Division of Plastic Surgery, Department of Surgery, King Abdulaziz University, Jeddah, Saudi Arabia.
Aesthetic Plast Surg. 2021 Oct;45(5):2190-2198. doi: 10.1007/s00266-021-02131-8. Epub 2021 Feb 4.
Our objective is to evaluate the evidence on the aesthetic effect and complications of skin-OOM strip resection compared to skin only upper blepharoplasty.
A systematic search of EMBASE, PubMed, Cochrane and Google Scholar databases was performed using our search strategy through to 31 December 2019. Only comparative studies of the two upper blepharoplasty techniques were included. Three reviewers performed study selection process, data extraction, and quality assessment.
A total of six articles were eligible for final inclusion. The included studies consist of two controlled retrospective cohorts and four small randomized controlled studies (RCT). Three of which, were double blinded. Those RCTs were assigned level 2 evidence due to small size and methodological limitations. The sample size of included was studies 407 in the two retrospective studies and 57 in the four RCTs. The outcomes showed that resection of OOM along with skin in upper blepharoplasty showed no difference in long-term aesthetic outcome when skin only procedure is performed. Muscle strip resection was associated with initially higher ophthalmological morbidity (edema, bruising, pain, dry eye, sluggish eye closure and lagopthalmos). Those resolved a few weeks later with conservative treatment.

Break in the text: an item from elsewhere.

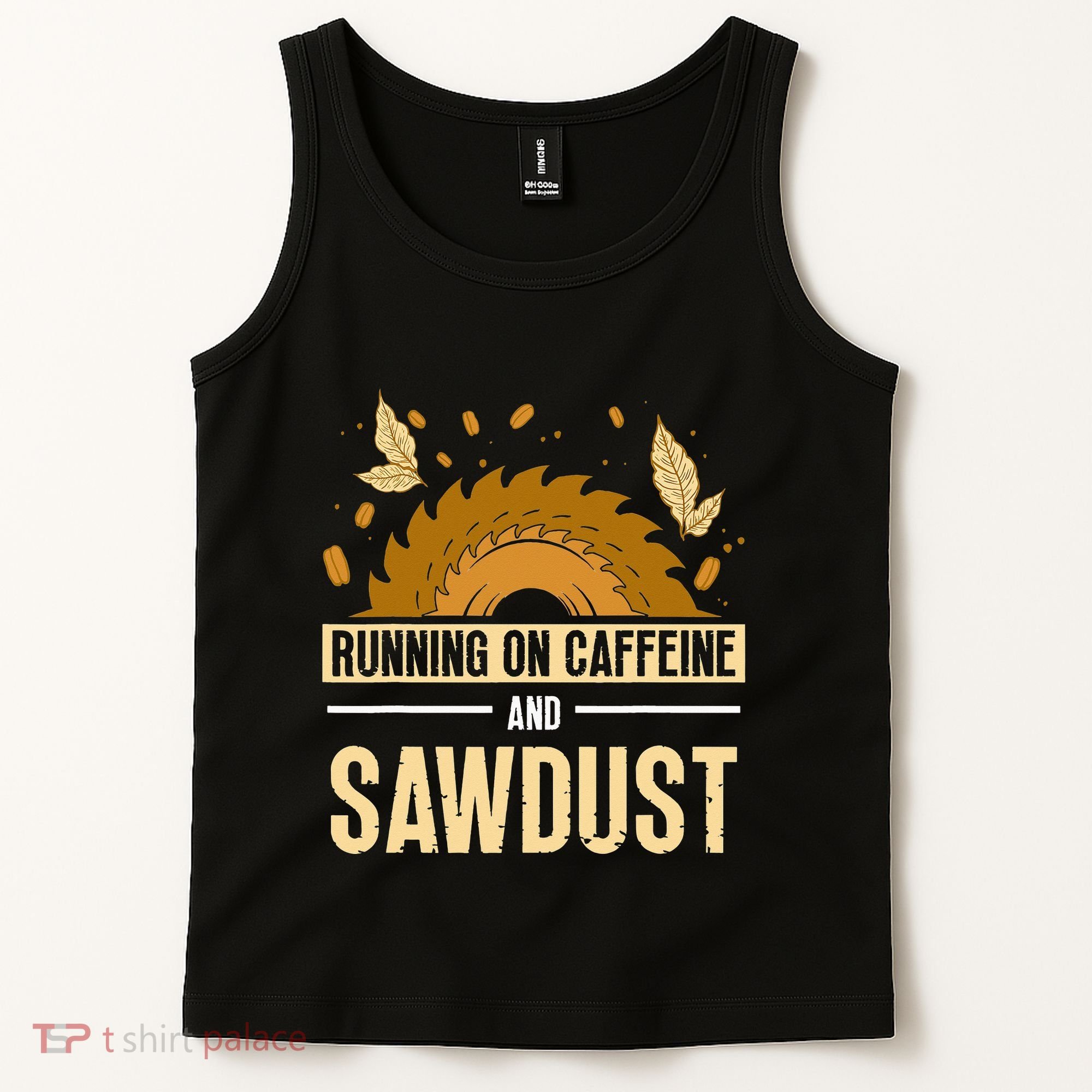 Running On Caffeine And Sawdust Carpenters Job Carpenter Tank Top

The resection of OOM along with skin in upper blepharoplasty showed no difference in long-term aesthetic outcome and was associated with initially higher ophthalmological morbidity compared to skin only procedure. While we are not suggesting that OOM resection is never required, the evidence strongly support its preservation during standard upper blepharoplasty.

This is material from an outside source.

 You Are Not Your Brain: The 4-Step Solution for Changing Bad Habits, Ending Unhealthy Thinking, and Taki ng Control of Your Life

This journal requires that authors assign a level of evidence to each article. For a full description of these Evidence-Based Medicine ratings, please refer to Table of Contents or the online Instructions to Authors www.springer.com/00266 .
我们的目的是评估皮肤-OOM 条带切除术与单纯皮肤的上睑成形术相比的美学效果和并发症的证据。
通过我们的搜索策略,对 EMBASE、PubMed、Cochrane 和 Google Scholar 数据库进行了系统搜索,截至 2019 年 12 月 31 日。仅纳入了两种上睑成形术技术的比较研究。三名评审员进行了研究选择过程、数据提取和质量评估。
共有 6 篇文章符合最终纳入标准。纳入的研究包括两项对照回顾性队列研究和四项小型随机对照研究(RCT)。其中三项为双盲 RCT。由于样本量小和方法学上的局限性,这些 RCT 被评为 2 级证据。纳入研究的样本量为两项回顾性研究中的 407 例和四项 RCT 中的 57 例。研究结果表明,在上睑成形术中切除 OOM 与单纯皮肤切除相比,在长期美学效果方面没有差异。肌肉条带切除术与最初更高的眼科发病率(水肿、瘀伤、疼痛、干眼症、眼睛闭合缓慢和眼球运动障碍)相关。这些在保守治疗后几周内得到解决。
在上睑成形术中切除 OOM 与单纯皮肤切除相比,在长期美学效果方面没有差异,与单纯皮肤切除相比,最初的眼科发病率更高。虽然我们并不是说 OOM 切除术从不需要,但证据强烈支持在标准的上睑成形术中保留它。
证据等级 III:本杂志要求作者为每篇文章分配一个证据等级。有关这些循证医学评级的完整描述,请参阅目录或在线作者指南 www.springer.com/00266 。